What to produce »
Repeat the data exactly. Pictures are not part of the copy.

Exercise materials »
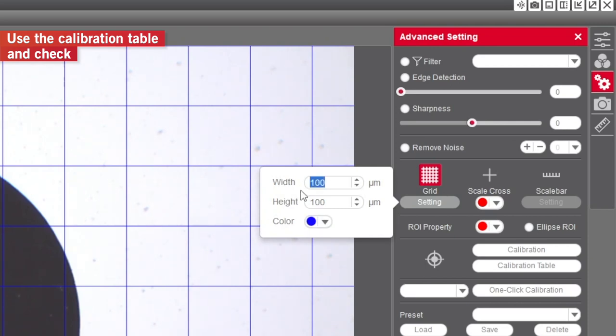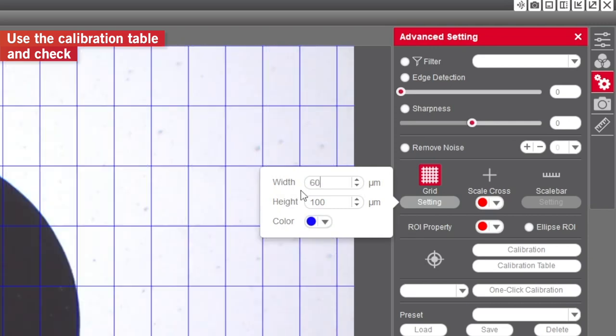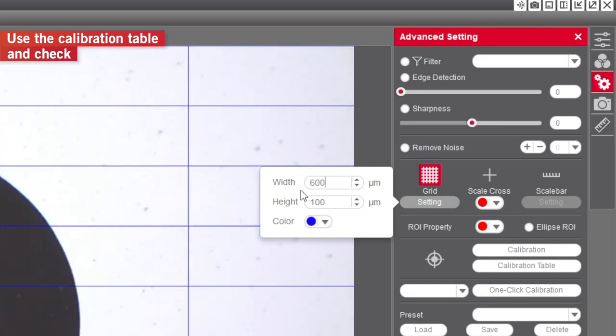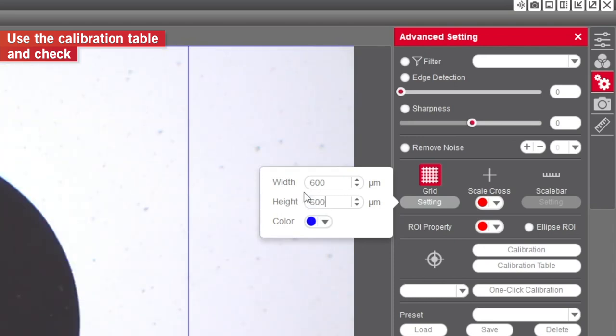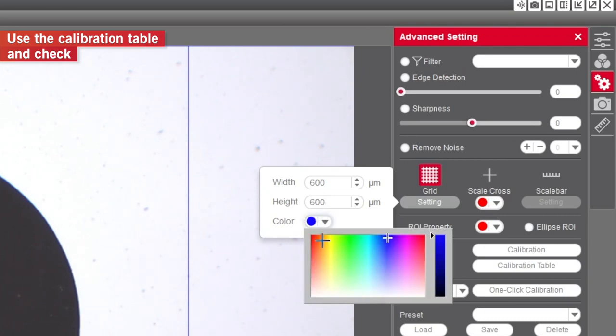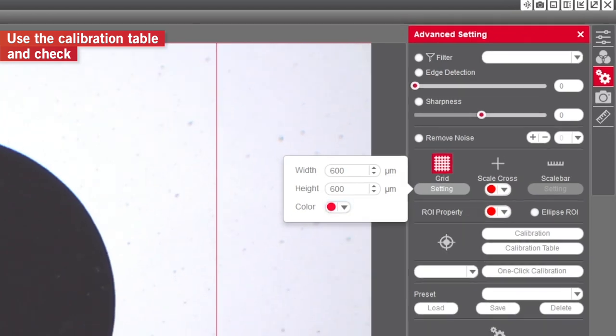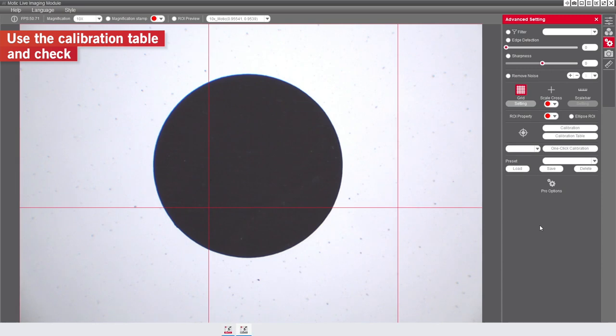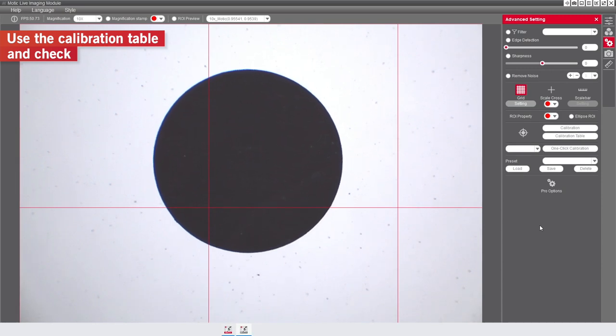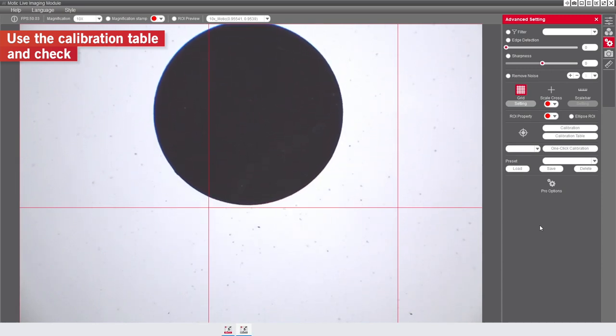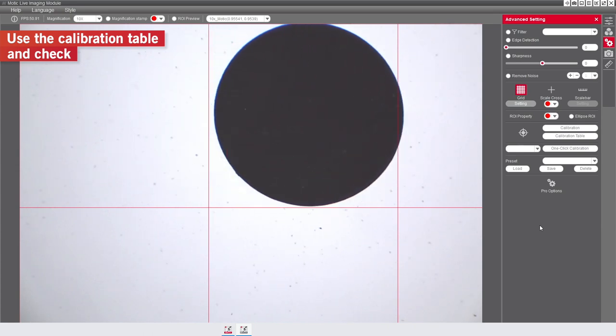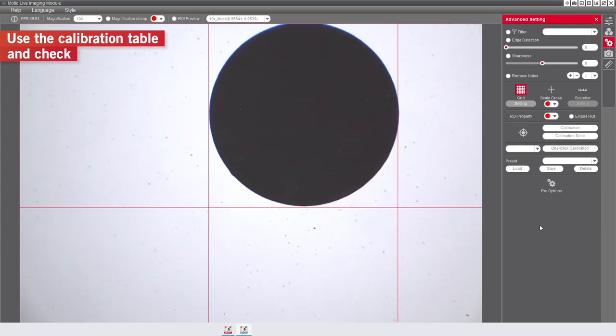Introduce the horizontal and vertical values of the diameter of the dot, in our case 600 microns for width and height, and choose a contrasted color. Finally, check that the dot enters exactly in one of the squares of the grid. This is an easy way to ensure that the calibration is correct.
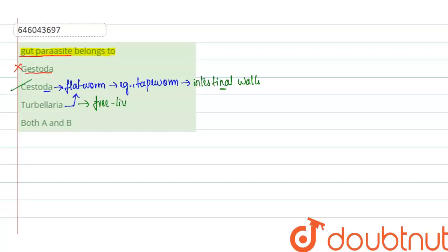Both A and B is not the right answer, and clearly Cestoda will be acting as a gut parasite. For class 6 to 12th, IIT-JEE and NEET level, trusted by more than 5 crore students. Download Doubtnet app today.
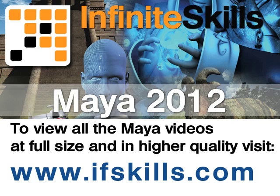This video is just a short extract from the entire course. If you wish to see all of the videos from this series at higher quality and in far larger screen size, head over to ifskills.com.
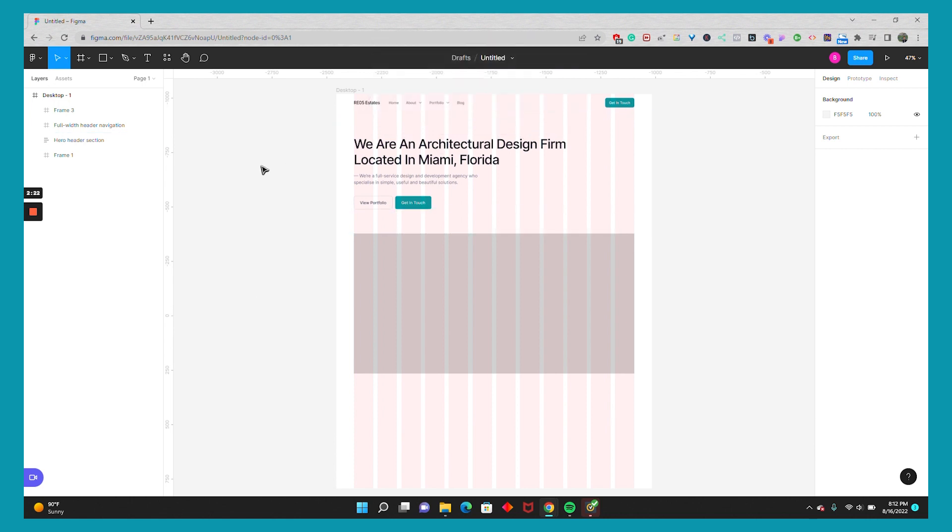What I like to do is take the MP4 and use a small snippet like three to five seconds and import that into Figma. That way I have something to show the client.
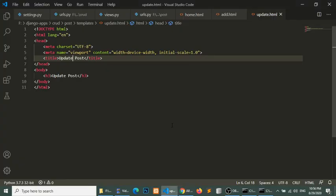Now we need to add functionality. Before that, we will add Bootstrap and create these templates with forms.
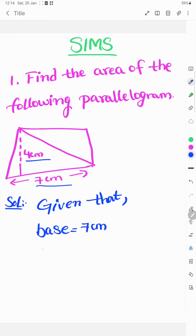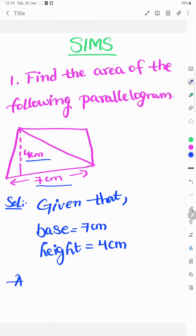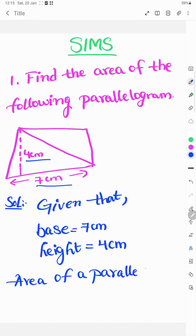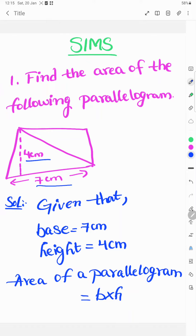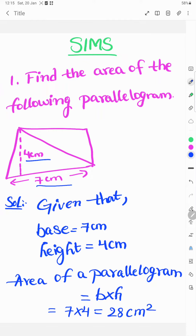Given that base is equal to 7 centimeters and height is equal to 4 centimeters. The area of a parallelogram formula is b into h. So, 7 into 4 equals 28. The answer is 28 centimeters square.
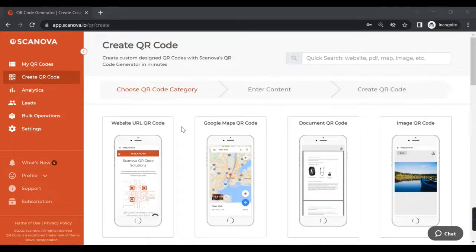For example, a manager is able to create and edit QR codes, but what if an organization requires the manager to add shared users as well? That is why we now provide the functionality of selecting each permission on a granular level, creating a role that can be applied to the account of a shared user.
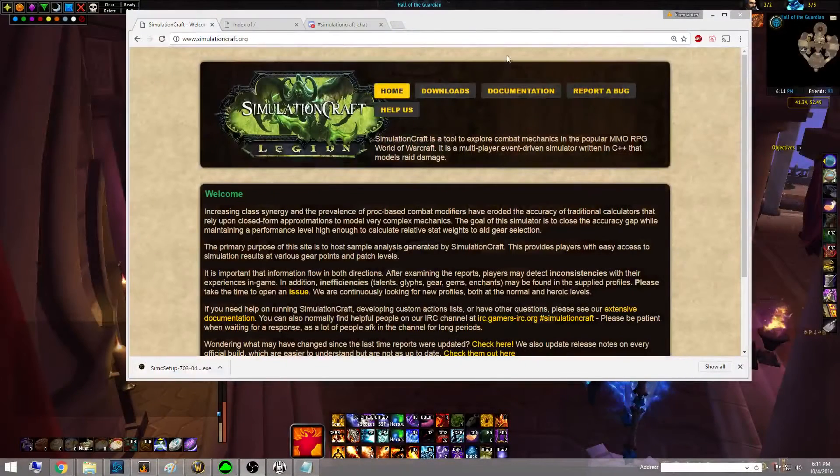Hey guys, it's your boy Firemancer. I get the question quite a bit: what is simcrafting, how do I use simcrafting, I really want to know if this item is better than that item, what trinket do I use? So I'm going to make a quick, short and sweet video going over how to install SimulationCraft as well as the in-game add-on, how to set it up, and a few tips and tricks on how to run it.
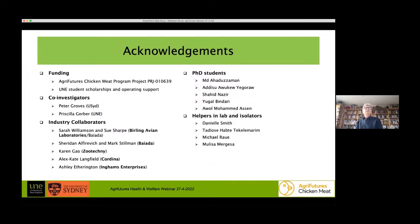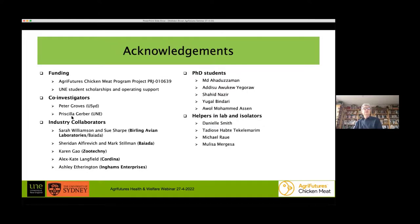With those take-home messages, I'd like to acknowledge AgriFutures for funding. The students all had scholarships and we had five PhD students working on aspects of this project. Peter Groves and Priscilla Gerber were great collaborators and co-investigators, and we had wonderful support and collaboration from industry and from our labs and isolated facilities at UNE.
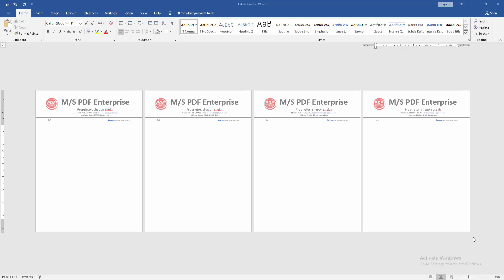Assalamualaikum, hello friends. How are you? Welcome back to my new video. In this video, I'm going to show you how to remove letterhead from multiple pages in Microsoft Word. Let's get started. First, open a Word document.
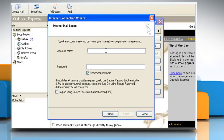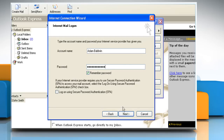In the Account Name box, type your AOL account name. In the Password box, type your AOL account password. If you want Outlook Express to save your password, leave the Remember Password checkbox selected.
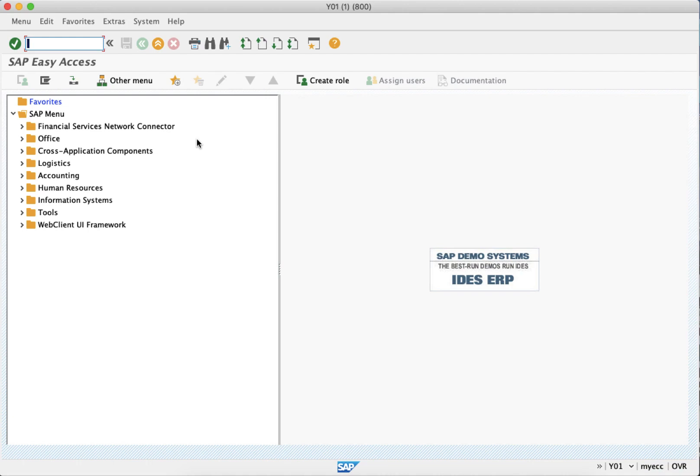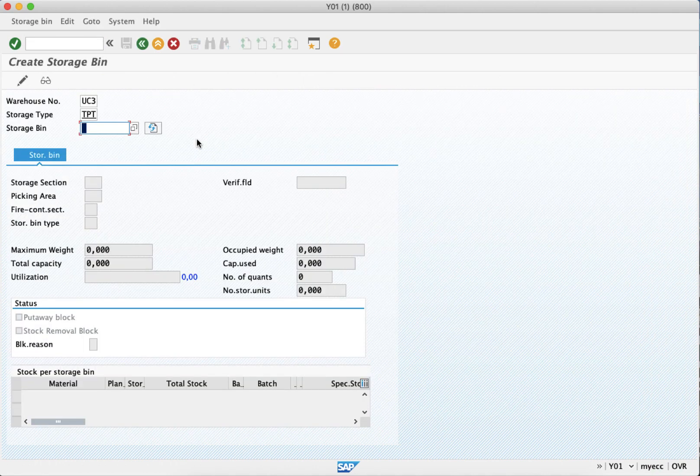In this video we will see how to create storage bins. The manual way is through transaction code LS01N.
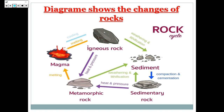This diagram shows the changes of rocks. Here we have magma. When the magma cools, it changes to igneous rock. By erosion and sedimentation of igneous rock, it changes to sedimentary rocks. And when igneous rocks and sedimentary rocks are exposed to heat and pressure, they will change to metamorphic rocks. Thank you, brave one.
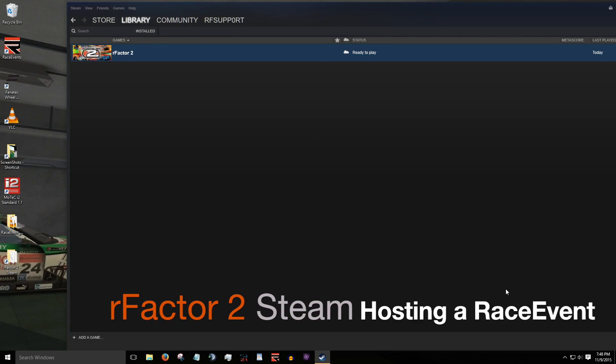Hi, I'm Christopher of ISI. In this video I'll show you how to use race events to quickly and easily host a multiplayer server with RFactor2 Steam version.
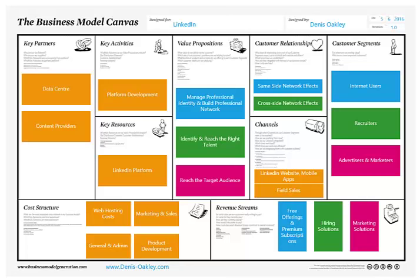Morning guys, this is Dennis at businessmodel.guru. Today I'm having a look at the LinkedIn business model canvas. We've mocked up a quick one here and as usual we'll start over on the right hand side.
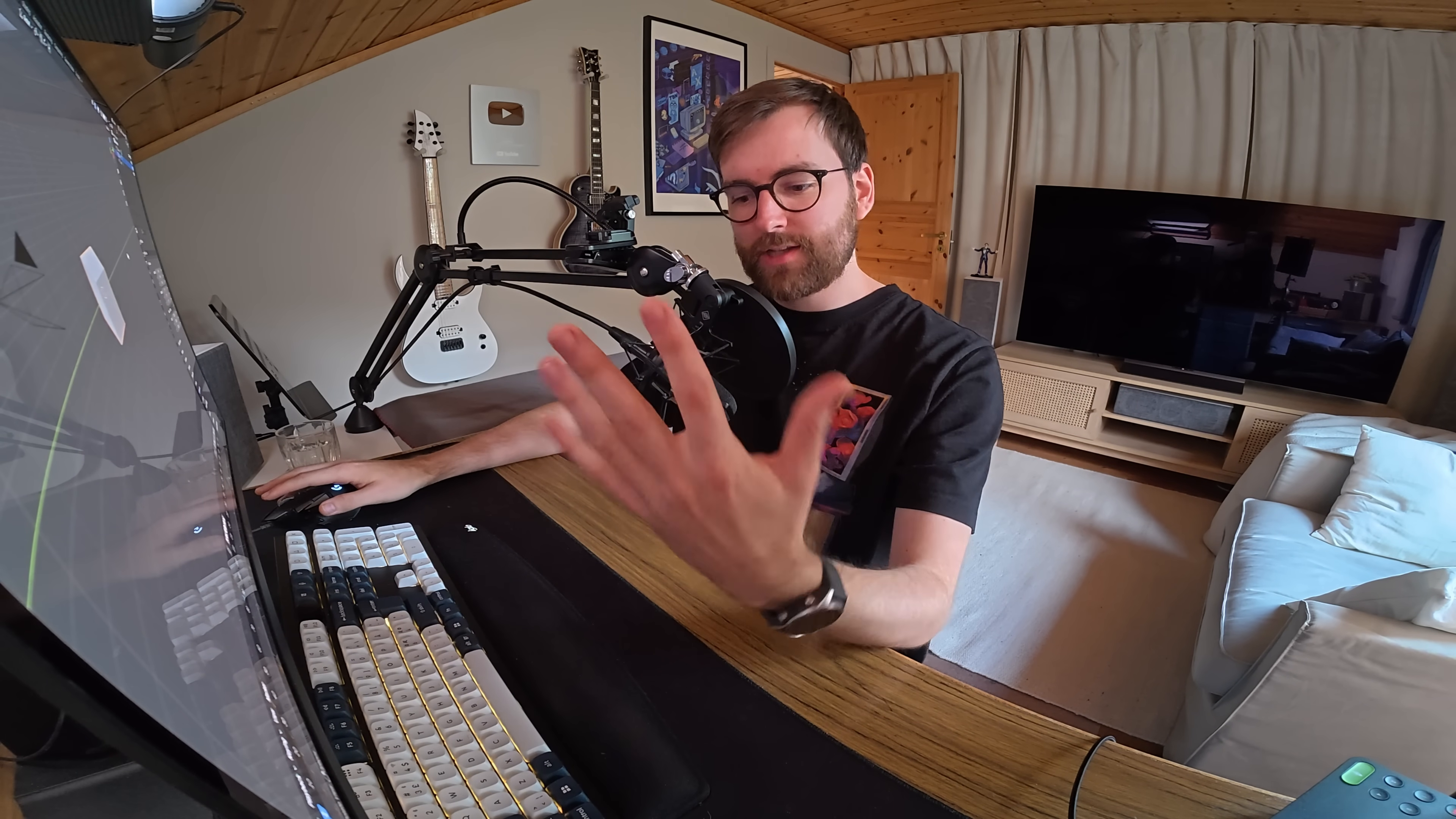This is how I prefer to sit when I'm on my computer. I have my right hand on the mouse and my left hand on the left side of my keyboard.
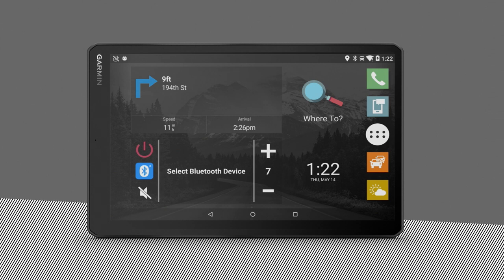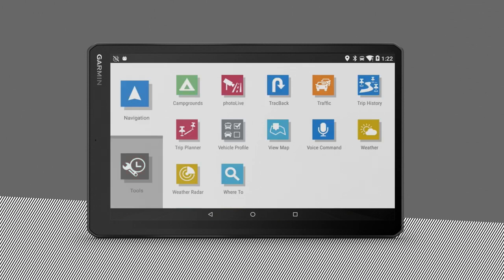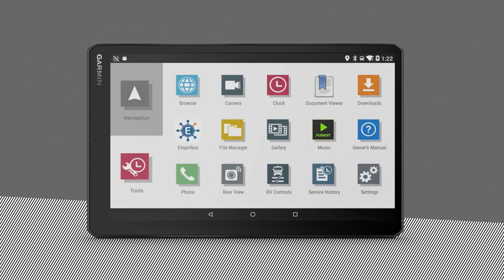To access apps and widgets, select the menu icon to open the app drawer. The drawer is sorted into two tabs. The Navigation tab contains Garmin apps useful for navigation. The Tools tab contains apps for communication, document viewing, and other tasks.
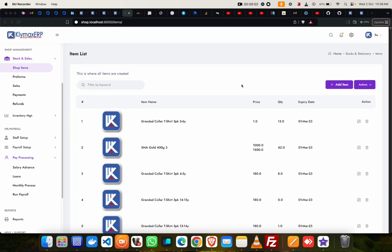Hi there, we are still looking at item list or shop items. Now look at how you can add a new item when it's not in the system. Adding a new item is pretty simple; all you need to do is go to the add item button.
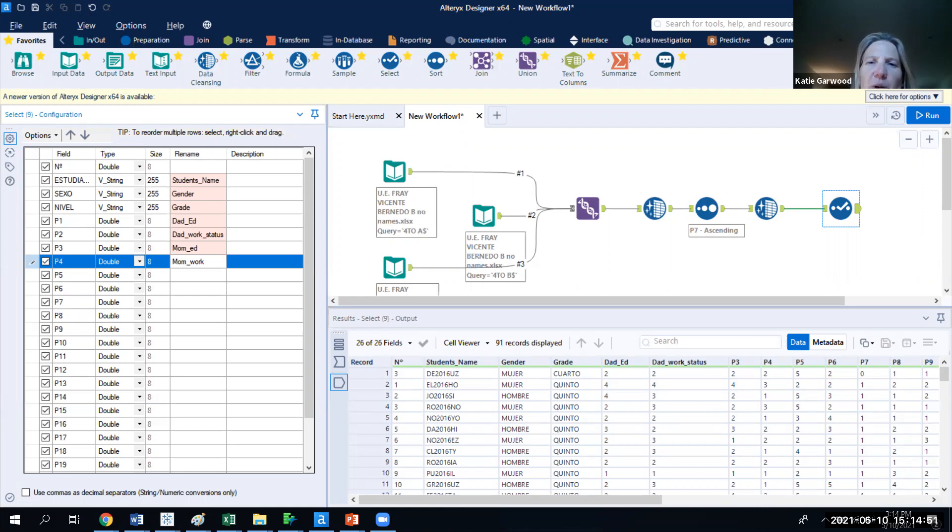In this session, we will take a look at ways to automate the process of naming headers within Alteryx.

Expected answer »
Introduce the horizontal and vertical values of the diameter of the dot, in our case 600 microns for width and height, and choose a contrasted color. Finally, check that the dot enters exactly in one of the squares of the grid. This is an easy way to ensure that the calibration is correct.
Both A and B is not the right answer, and clearly Cestoda will be acting as a gut parasite. For class 6 to 12th, IIT-JEE and NEET level, trusted by more than 5 crore students. Download Doubtnet app today.
This video is just a short extract from the entire course. If you wish to see all of the videos from this series at higher quality and in far larger screen size, head over to ifskills.com.
What I like to do is take the MP4 and use a small snippet like three to five seconds and import that into Figma. That way I have something to show the client.
Now we need to add functionality. Before that, we will add Bootstrap and create these templates with forms.
Given that base is equal to 7 centimeters and height is equal to 4 centimeters. The area of a parallelogram formula is b into h. So, 7 into 4 equals 28. The answer is 28 centimeters square.
For example, a manager is able to create and edit QR codes, but what if an organization requires the manager to add shared users as well? That is why we now provide the functionality of selecting each permission on a granular level, creating a role that can be applied to the account of a shared user.
Hey guys, it's your boy Firemancer. I get the question quite a bit: what is simcrafting, how do I use simcrafting, I really want to know if this item is better than that item, what trinket do I use? So I'm going to make a quick, short and sweet video going over how to install SimulationCraft as well as the in-game add-on, how to set it up, and a few tips and tricks on how to run it.
With those take-home messages, I'd like to acknowledge AgriFutures for funding. The students all had scholarships and we had five PhD students working on aspects of this project. Peter Groves and Priscilla Gerber were great collaborators and co-investigators, and we had wonderful support and collaboration from industry and from our labs and isolated facilities at UNE.
Assalamualaikum, hello friends. How are you? Welcome back to my new video. In this video, I'm going to show you how to remove letterhead from multiple pages in Microsoft Word. Let's get started. First, open a Word document.
In the Account Name box, type your AOL account name. In the Password box, type your AOL account password. If you want Outlook Express to save your password, leave the Remember Password checkbox selected.
In this video we will see how to create storage bins. The manual way is through transaction code LS01N.
This diagram shows the changes of rocks. Here we have magma. When the magma cools, it changes to igneous rock. By erosion and sedimentation of igneous rock, it changes to sedimentary rocks. And when igneous rocks and sedimentary rocks are exposed to heat and pressure, they will change to metamorphic rocks. Thank you, brave one.
Hi, I'm Christopher of ISI. In this video I'll show you how to use race events to quickly and easily host a multiplayer server with RFactor2 Steam version.
Morning guys, this is Dennis at businessmodel.guru. Today I'm having a look at the LinkedIn business model canvas. We've mocked up a quick one here and as usual we'll start over on the right hand side.
This is how I prefer to sit when I'm on my computer. I have my right hand on the mouse and my left hand on the left side of my keyboard.
To access apps and widgets, select the menu icon to open the app drawer. The drawer is sorted into two tabs. The Navigation tab contains Garmin apps useful for navigation. The Tools tab contains apps for communication, document viewing, and other tasks.
Hi there, we are still looking at item list or shop items. Now look at how you can add a new item when it's not in the system. Adding a new item is pretty simple; all you need to do is go to the add item button.
In this session, we will take a look at ways to automate the process of naming headers within Alteryx.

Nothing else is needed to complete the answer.